Actually, as a weird twist of fate, I kinda liked the guys who dressed up as ring wraiths more. They never talk and you can't see their faces so in my opinion, they are braver than all those pre-pubescent teenagers who think they are all elven queens. Another one of them explains why they are extremely different from the Star Trek fans: "Unlike Trekkies, we help each other out. This is our own fellowship" Yeah right! I'm sure the only thing they help each other with is with your outfits and make-ups! Actually being a Trekkie is a much much better obsession; at least you get to learn about positive sciences such as physics or astronomy instead of just 'how to make the perfect elf ears out of Playdoh'! The real pathetic thing about all these type of people who become obsessed with all the wrong things about an intellectual work lies with their own psychological problems. Another elf queen explains this: "In Middle-Earth people do things for other people. They are not doing it for fame or to impress some chick or get the money". D'oh!
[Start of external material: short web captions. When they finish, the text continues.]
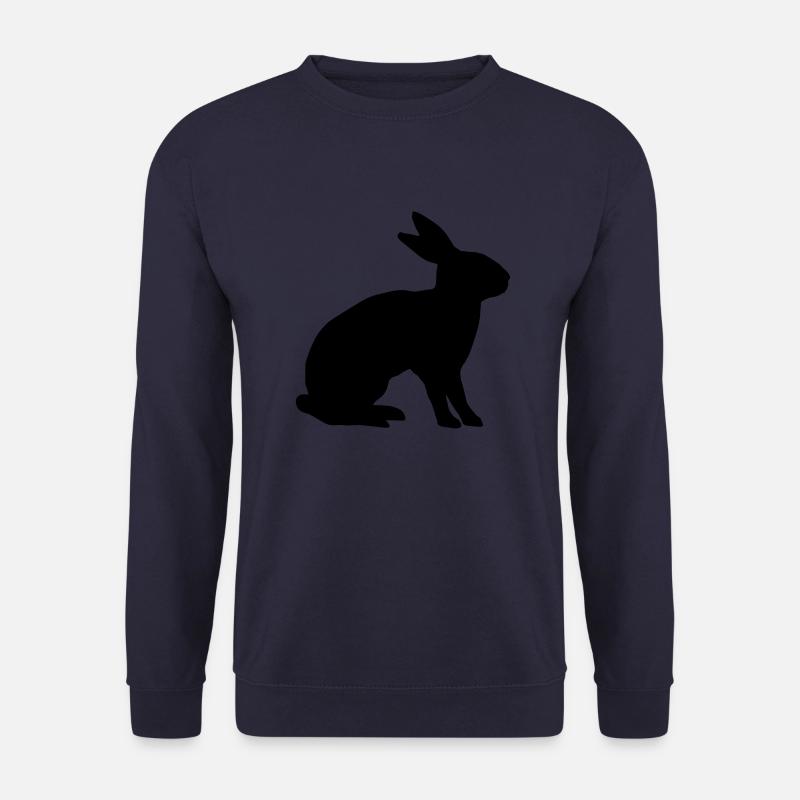lapin - Sweat-shirt Unisexe - marine
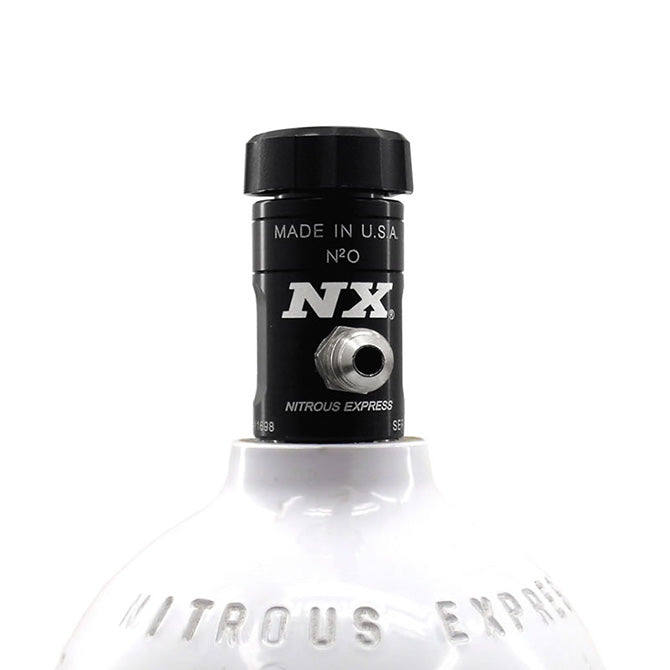 Nitrous Express Motorcycle Bottle Valve; 3/4 Thread. 11698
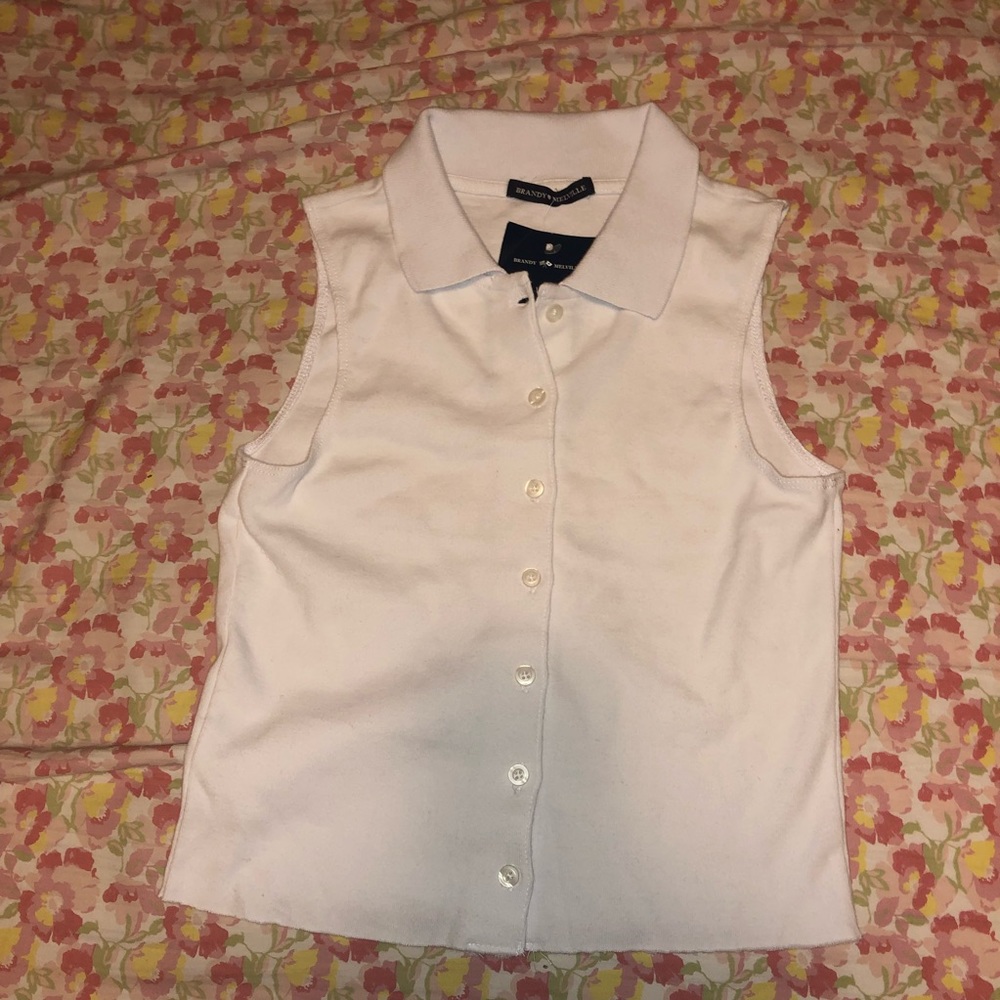 NWT brandy Melville Caroline crop  tank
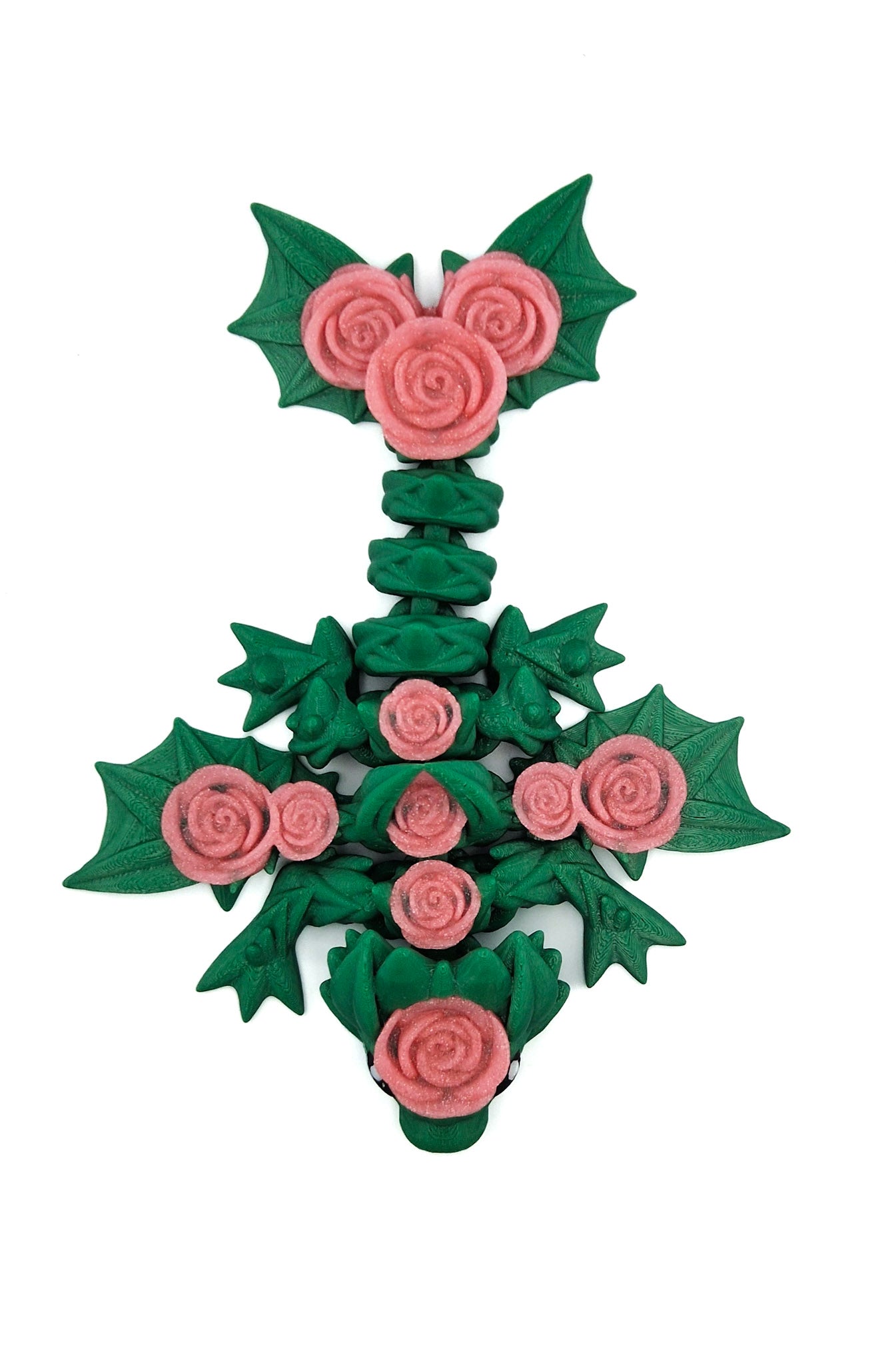 Rose Wyvern – Romantisch en Schattig Fantasie Speelgoed Breng romantiek en magie samen. Roos, bloemen thema, valentine, draak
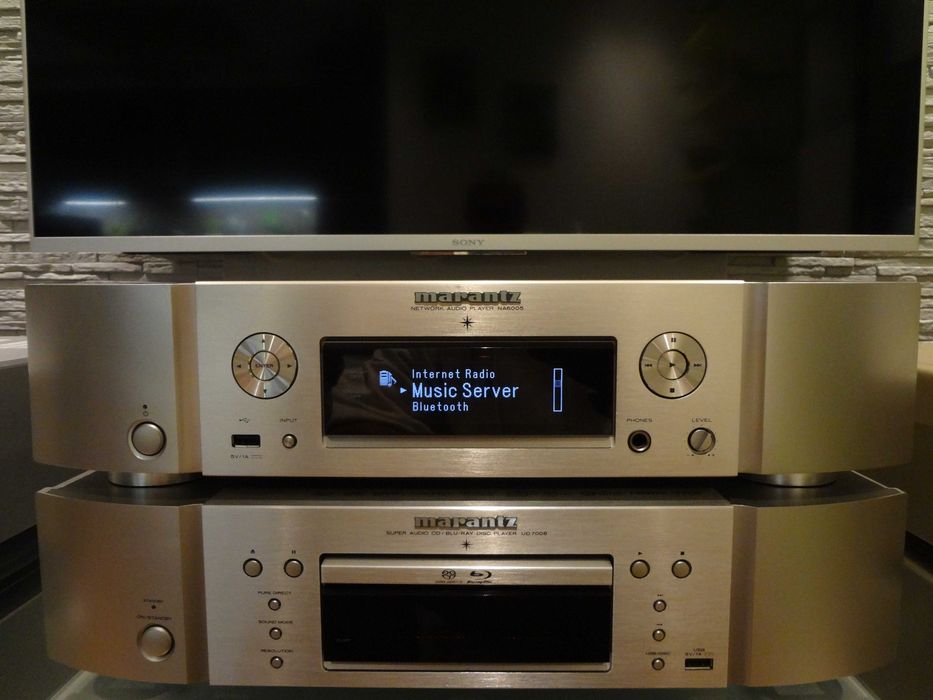 Marantz NA 6005 Odtwarzacz strumieniowy,komplet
So when you put your wigs, beards, and hoods on, you do so to help other people? Are you sure you're not doing it to impress other people? Of course, a very simple psychological weakness lies under all these behavior. When people cannot manage to, or don't want to, be content only with being themselves, they choose to hide behind masks, costumes and ideals; the easiest way out. However, the saddest thing about this kind of behavior is that the real message and the feeling that the creator of the original work wanted to convey gets lost in the process. Is there a single character in Tolkien's books who tries to be something else other than itself? For example, is there a human who decides to be an elf at some point of the story or a dwarf who wants to live as a hobbit? NO! On the contrary, the whole story is about believing in yourself, knowing what you can do and what you can't! It's not a story about a brave boy who sets out on a wonderful adventure to become the greatest hero of all time; it's about a normal boy who finds himself in a perilous journey and in the end, after terrible ordeals, deserves to be known as a great hero. Tolkien'd be more pleased with people think and act as their characters do, not look and behave like them. I don't think for one minute that on weekends he idled his hours away by putting on a pointy hat and a fake beard instead of doing something creative.

So, I hate all the pointless, commercialized Tolkien conventions, elven queens with Mr.Spock ears and people who think they are helping the Greenpeace by attending to a stupid convention or reading a book 15 times. But I hate most the people who mock a brilliant piece of work by a lack of understanding.